Supplier selection & directed-buy (IATF only)
Plain-language summary
Supplier processes get included in your QMS scope where you control them; selection follows a documented process assessing risk, quality, delivery, cost and capability; customer-directed suppliers still get your controls applied.
What the clause is really asking
The selection process must assess supplier risk to product conformity and supply continuity, QMS status, delivery and financial robustness where relevant. Directed-buy sources (customer chooses, you must buy) do not remove your responsibility for receiving controls and monitoring unless the customer explicitly takes it.
What auditors look for
Auditors review selection files for recent new suppliers (risk assessment present? criteria scored?) and probe directed sources: what controls do you still apply, and where did the customer define the split of responsibilities?
Typical evidence
Documented selection process; selection assessments; directed-buy responsibility agreements; receiving controls on directed parts.

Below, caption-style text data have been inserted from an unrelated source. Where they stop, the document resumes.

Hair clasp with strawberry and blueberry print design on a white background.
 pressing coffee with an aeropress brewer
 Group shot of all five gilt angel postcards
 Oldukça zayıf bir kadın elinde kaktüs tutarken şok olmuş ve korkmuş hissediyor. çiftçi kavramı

How to comply — recommendations
Use a one-page supplier selection scorecard including a risk section. For every directed-buy part, get the responsibility split in writing from the customer — when the directed supplier fails, that paper is your protection.
Common nonconformities
New suppliers onboarded with no documented assessment; directed-buy parts waved through with zero controls; no written responsibility agreement for directed sources.
Related clauses
Builds on ISO 9001 8.4.1
Qlause provides interpretive guidance only and is not a substitute for the standard. Refer to your licensed copy of ISO 9001 / IATF 16949 for the authoritative text.